In the data below, find the line containing "- Super fin" and the line containing "Tổng thống Trump", then reproduce them and every line between, exactly. Omit pictures.

### Given entries ###

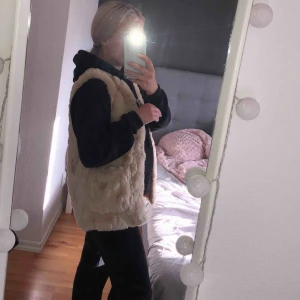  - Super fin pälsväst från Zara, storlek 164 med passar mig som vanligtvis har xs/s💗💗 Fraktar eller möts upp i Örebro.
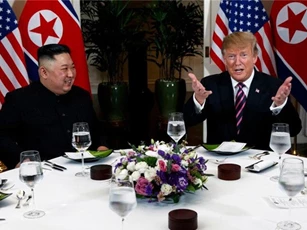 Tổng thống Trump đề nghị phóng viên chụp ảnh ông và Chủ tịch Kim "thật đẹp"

###
### Given entries ###

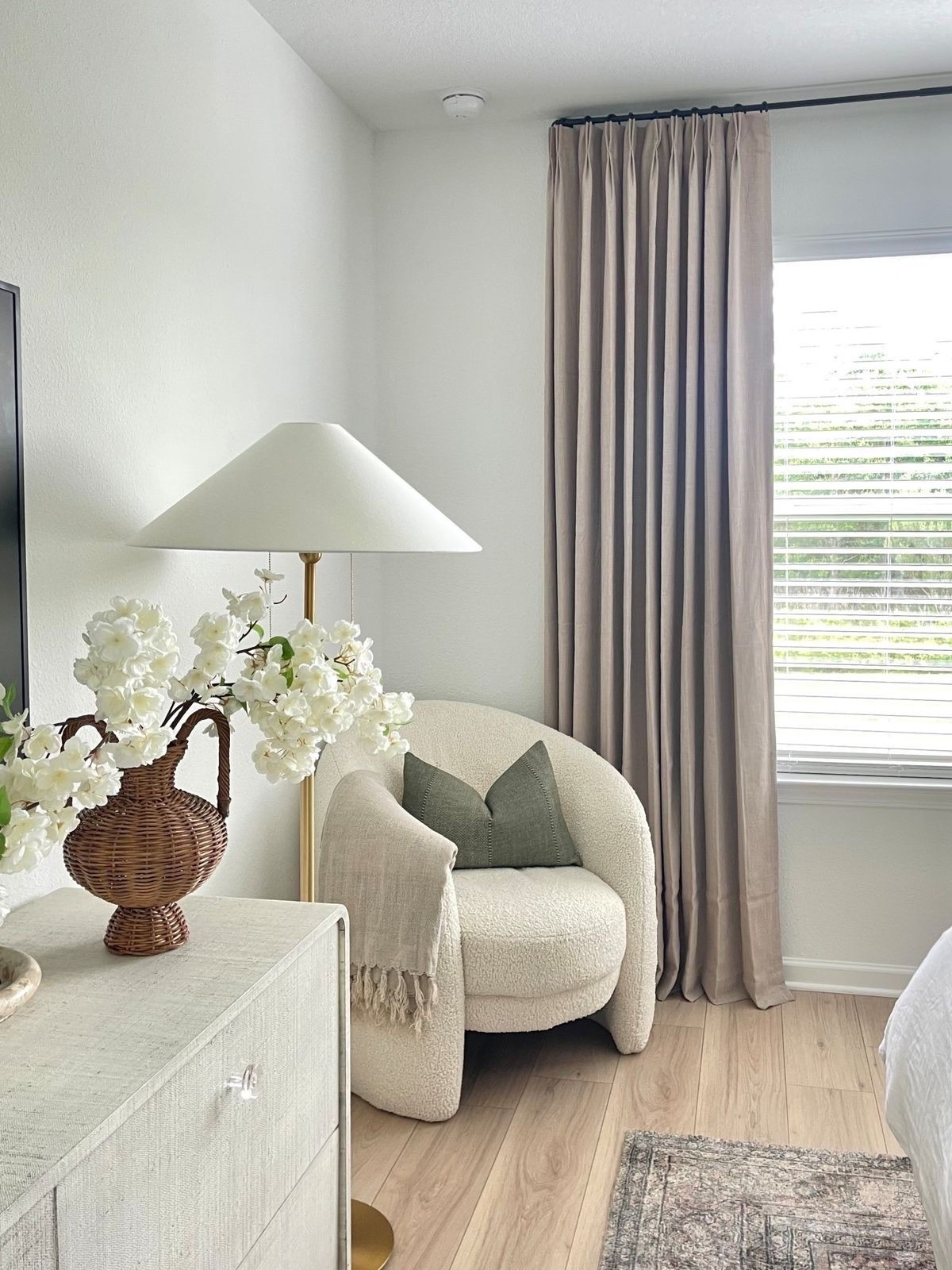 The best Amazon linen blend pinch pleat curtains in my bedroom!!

###

◆ **Answer below**
  - Super fin pälsväst från Zara, storlek 164 med passar mig som vanligtvis har xs/s💗💗 Fraktar eller möts upp i Örebro.
 Tổng thống Trump đề nghị phóng viên chụp ảnh ông và Chủ tịch Kim "thật đẹp"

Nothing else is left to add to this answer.